The grievance arbitrator found that the CBA provision entitling officers to to a minimum of four hours of overtime pay when called to work outside their regularly scheduled shift applied to officers whose pass days were canceled so they could work the Pittsburgh Marathon. However, the arbitrator entered an award in favor of FOP, reasoning that because the officers were deprived of a full day off and eight hours is the length of a normal workday, the officers were entitled to eight hours’ overtime pay for canceled pass days.

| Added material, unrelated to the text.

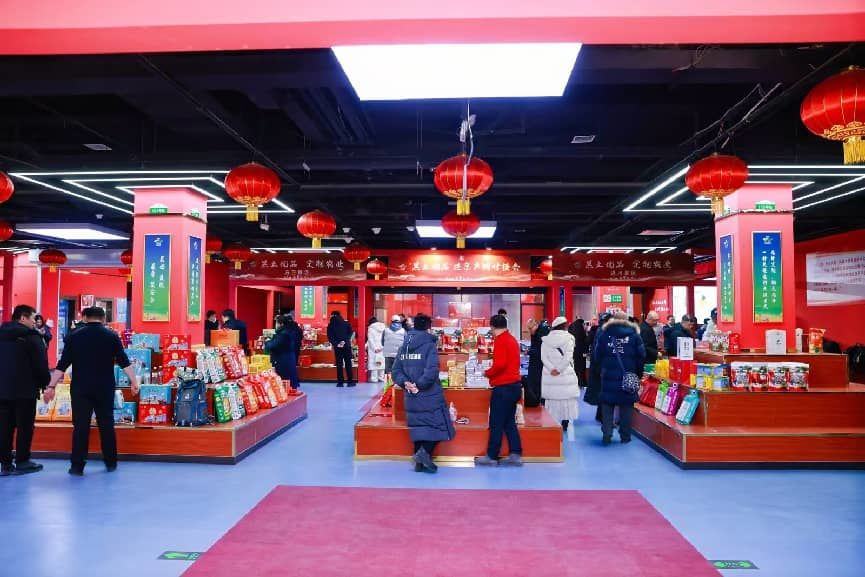 “黑土优品”冰雪营销季再添新彩  哈尔滨“黑土优品”进京展销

The City appealed the award to the Allegheny Court of Common Pleas, arguing that the arbitrator exceeded her powers by awarding a remedy not provided for in the CBA. Common Pleas agreed with the City and vacated the award. FOP appealed to Commonwealth Court, arguing that the common pleas court could not set aside the arbitrator’s award because the award does not require an illegal act and relates to terms and conditions of employment, and because any error by the arbitrator is at most an error of law.
Commonwealth Court summarized the applicable law as follows:
A police grievance arbitration award may be set aside as exceeding the arbitrator’s powers if the award requires the public employer to commit an illegal act or if the award orders an act that does not relate to terms or conditions of employment. In contrast, mere errors of law are insufficient to set aside such an award as exceeding the arbitrator’s powers. Accordingly, the fact that an arbitrator erroneously interpreted or misapplied language in the collective bargaining agreement in resolving an individual grievance is not a valid basis for vacating an Act 111 arbitration award.
An Act 111 arbitrator may not, however, equitably reform the terms of a collective bargaining agreement under the guise of a grievance arbitration.
Slip Op. at 6-7 (internal citations omitted).
Commonwealth Court agreed with FOP that the arbitrator’s award does not require an illegal act by the City and that it relates to terms and conditions of employment, as it concerns compensation and hours of employment. However, the court found that the arbitrator here did not “merely misapply language in the collective bargaining agreement in resolving an individual grievance” – the award “reformed the CBA to add a provision for compensation for loss of pass day that is not in the CBA and made this ruling as to all affected officers in the bargaining unit.” Slip Op. at 9. Commonwealth Court agreed with the trial court that the arbitrator erred by failing to base her award on a provision of the CBA related to compensation, overtime, or callouts, thereby creating a remedy “that she acknowledged did not exist in the CBA.” Slip Op. at 9-10. While “such an addition to the CBA is the function of an interest arbitration,” – namely, the issuance an award applicable to all police officers in the bargaining unit, not just the grievants – Commonwealth Court affirmed common pleas order, reasoning that the award here exceeded the arbitrator’s powers in this grievance arbitration. Slip Op. at 10.
The Supreme Court of Pennsylvania granted allocatur on the following issue:
Did the Commonwealth Court ignore this Supreme Court’s existing mandate to defer to a grievance arbitrator’s straightforward interpretation of contract language by mislabeling her award the construction of an equitable result, thereby weakening the general assembly’s intent for Act 111 awards to create a final and binding resolution of contract disputes?